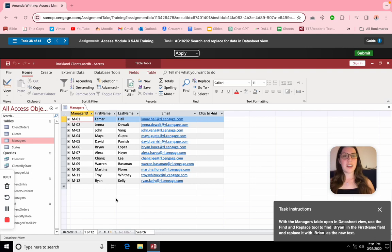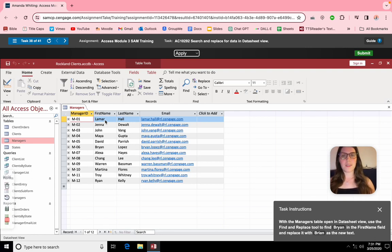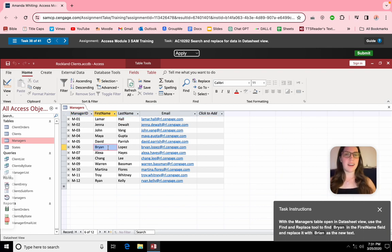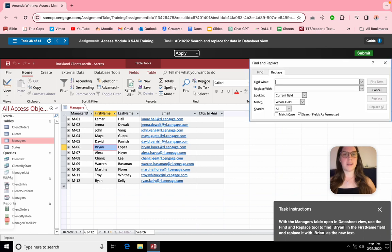This is how to find and replace data in Microsoft Office. For this example, we want to change Brian from B-R-Y-A-N to Brian with an I. While you could retype it, if you have a lot of data you might just want to click the replace button.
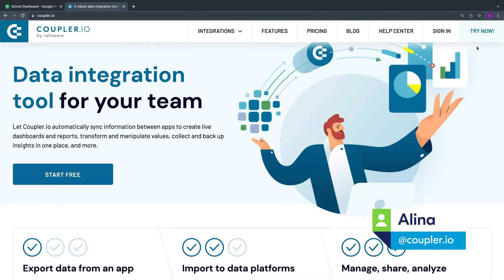Hi, I'm Lina from Coupler.io. Today I'll show you how to set up Google Sheets to Microsoft Excel integration.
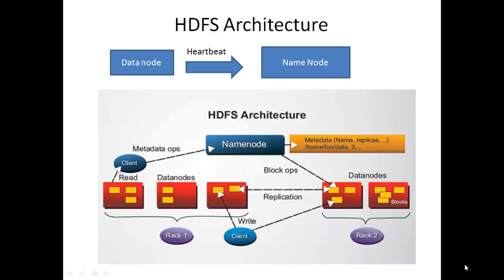Now we will see writing file to HDFS and reading file from HDFS. Look at the picture. Writing file to HDFS: Client asks name node that it wants to write a file. Name node tells which blocks are free, so client writes in free blocks of the data node.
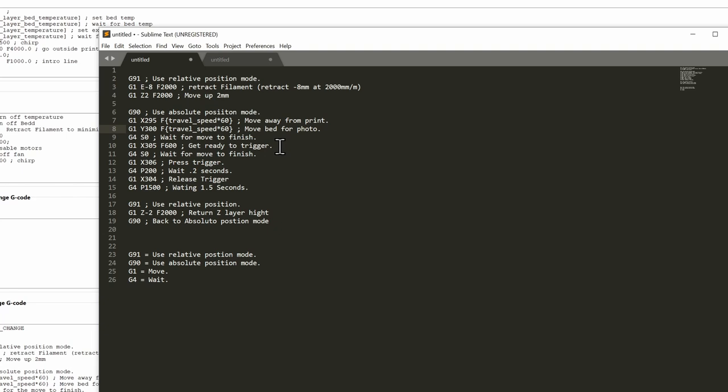So then I do a G4 to wait and make sure that the movement up above is done. And then here we do another G1 on the X just five millimeters. So we're getting ready to press the trigger. Now here's the key thing. I'm doing this very slowly.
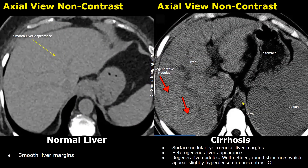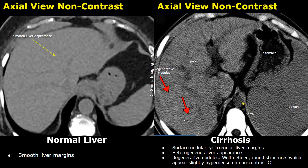These are non-contrast images. In the left image the liver has a smooth appearance and there is no surface nodularity. In the image on the right there is surface nodularity and the liver has a heterogeneous appearance. Regenerative nodules can be seen in cirrhosis cases — they are more easily seen on a plain CT. They appear as well-defined round structures which may appear slightly hyperdense on a non-contrast CT. You can see many small rounded structures inside the liver, and the spleen is also enlarged.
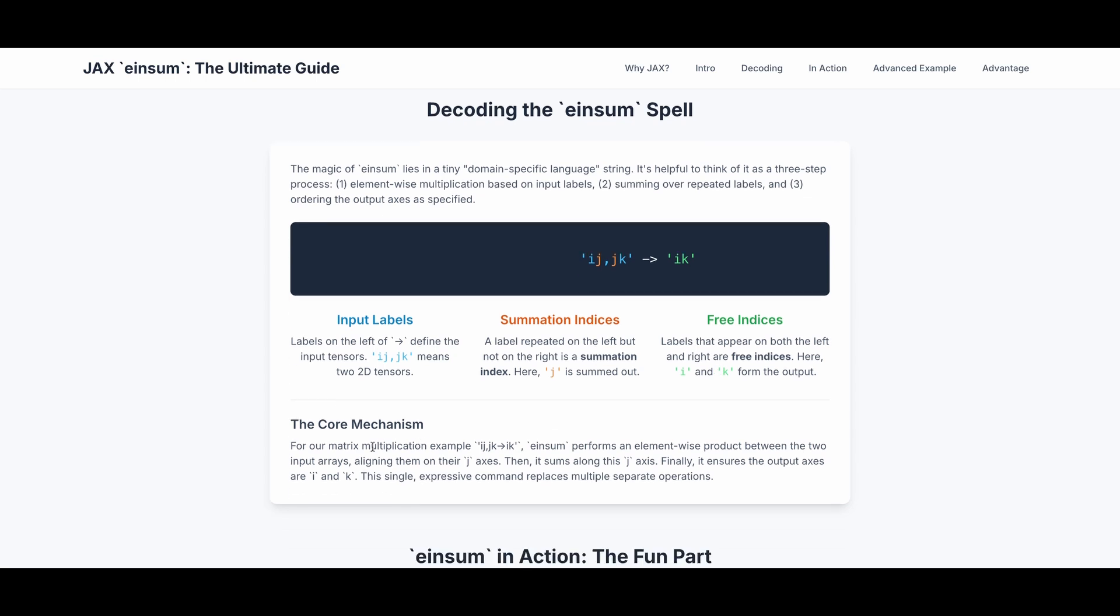The core mechanism is, for our matrix multiplication example, ij, jk to ik, einsum performs an element-wise product between the two input arrays, aligning them on their j-axis. Then it sums along this j-axis. Finally, it ensures the output axes are i and k. This single, expressive command replaces multiple separate operations.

» Instructions to follow
Output all the entries exactly, minus any pictures.

» Reply
This is how to find and replace data in Microsoft Office. For this example, we want to change Brian from B-R-Y-A-N to Brian with an I. While you could retype it, if you have a lot of data you might just want to click the replace button.
Hi, I'm Lina from Coupler.io. Today I'll show you how to set up Google Sheets to Microsoft Excel integration.
Now we will see writing file to HDFS and reading file from HDFS. Look at the picture. Writing file to HDFS: Client asks name node that it wants to write a file. Name node tells which blocks are free, so client writes in free blocks of the data node.
So then I do a G4 to wait and make sure that the movement up above is done. And then here we do another G1 on the X just five millimeters. So we're getting ready to press the trigger. Now here's the key thing. I'm doing this very slowly.
These are non-contrast images. In the left image the liver has a smooth appearance and there is no surface nodularity. In the image on the right there is surface nodularity and the liver has a heterogeneous appearance. Regenerative nodules can be seen in cirrhosis cases — they are more easily seen on a plain CT. They appear as well-defined round structures which may appear slightly hyperdense on a non-contrast CT. You can see many small rounded structures inside the liver, and the spleen is also enlarged.
The core mechanism is, for our matrix multiplication example, ij, jk to ik, einsum performs an element-wise product between the two input arrays, aligning them on their j-axis. Then it sums along this j-axis. Finally, it ensures the output axes are i and k. This single, expressive command replaces multiple separate operations.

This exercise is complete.